## What this task involves
The required output is an exact restatement of the lines, starting with the one that contains "Iroha Plus「楓麗鷗」超軟按摩器" and finishing with the last line of the listing. It contains no pictures.

Data extract START

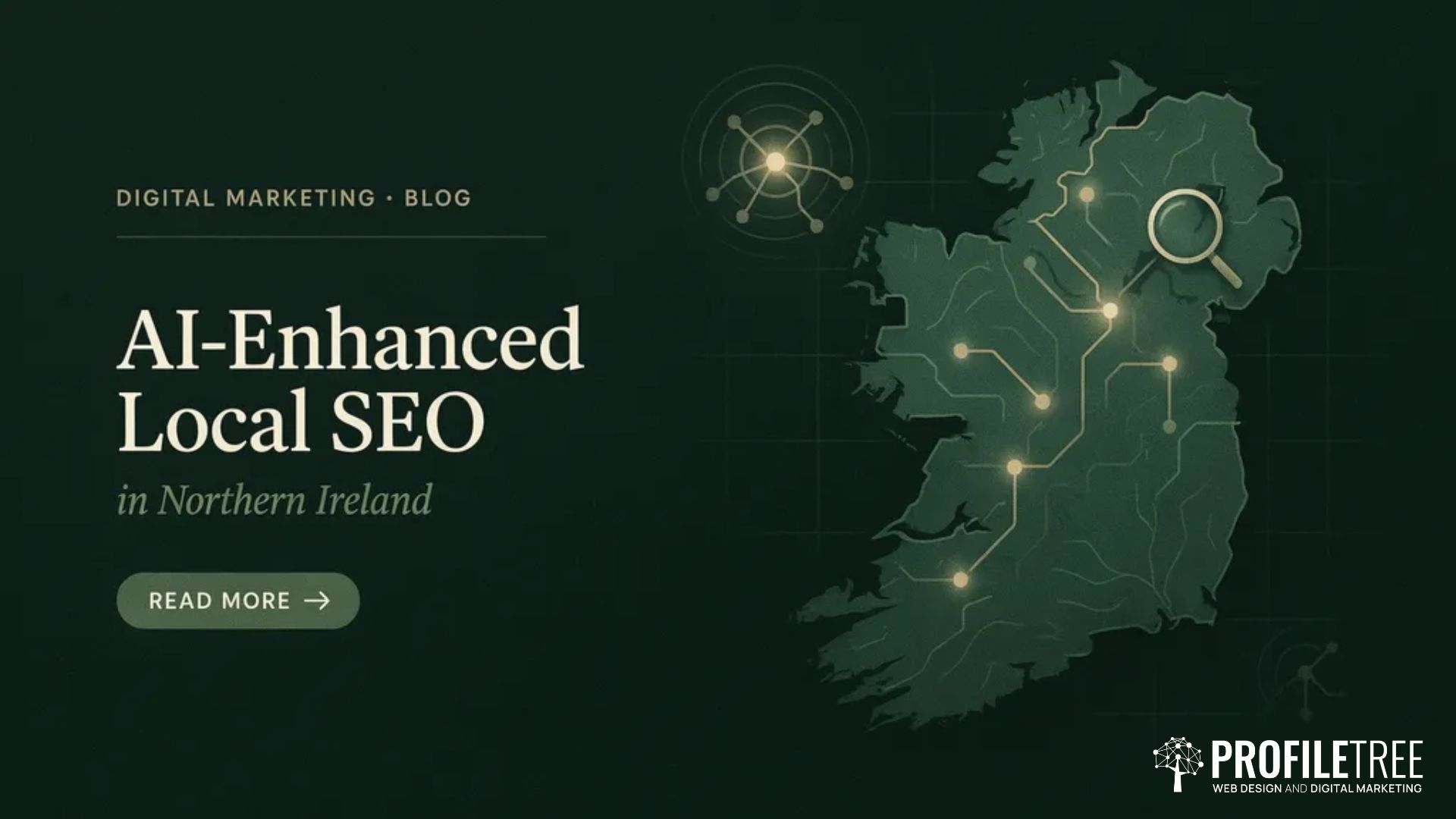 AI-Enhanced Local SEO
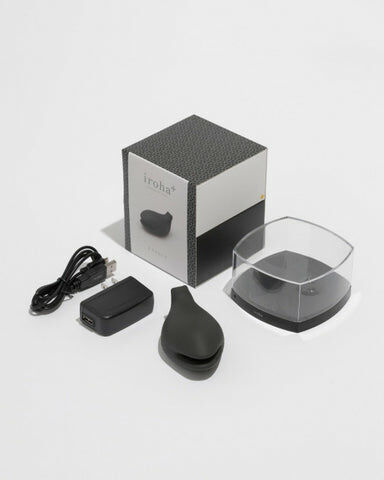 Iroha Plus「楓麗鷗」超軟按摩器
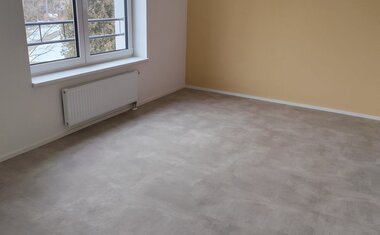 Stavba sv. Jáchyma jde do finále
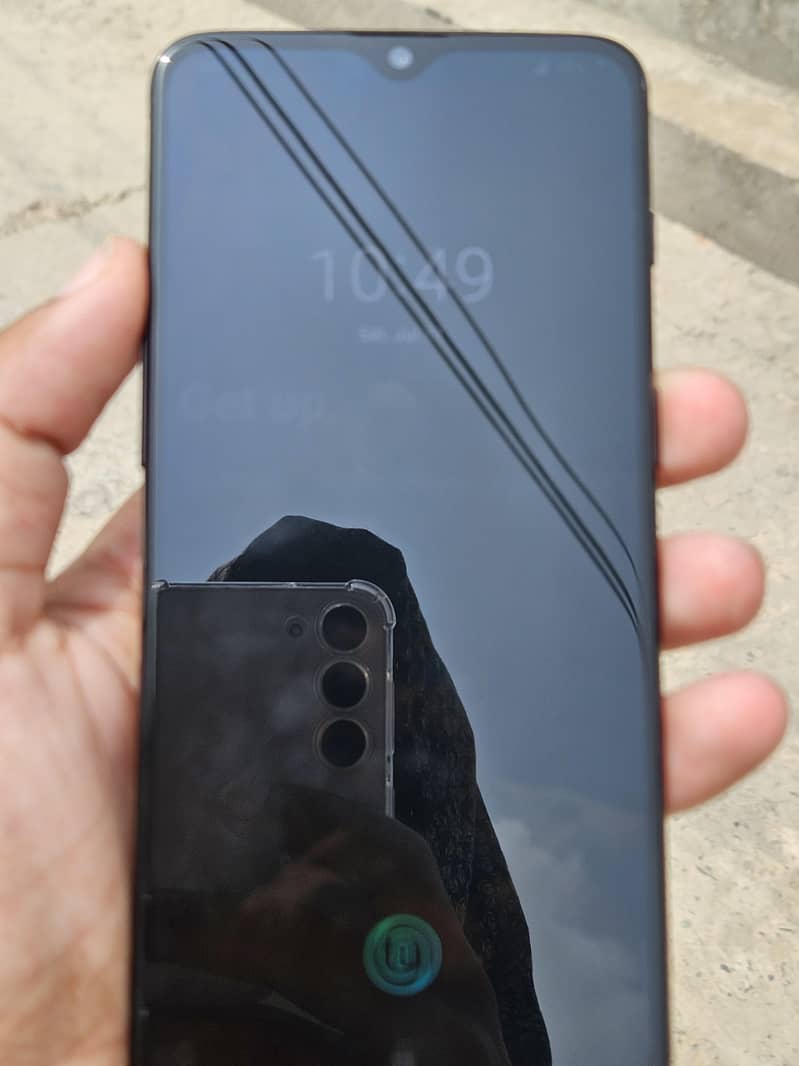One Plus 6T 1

Data extract END

## Output
 Iroha Plus「楓麗鷗」超軟按摩器
 Stavba sv. Jáchyma jde do finále
One Plus 6T 1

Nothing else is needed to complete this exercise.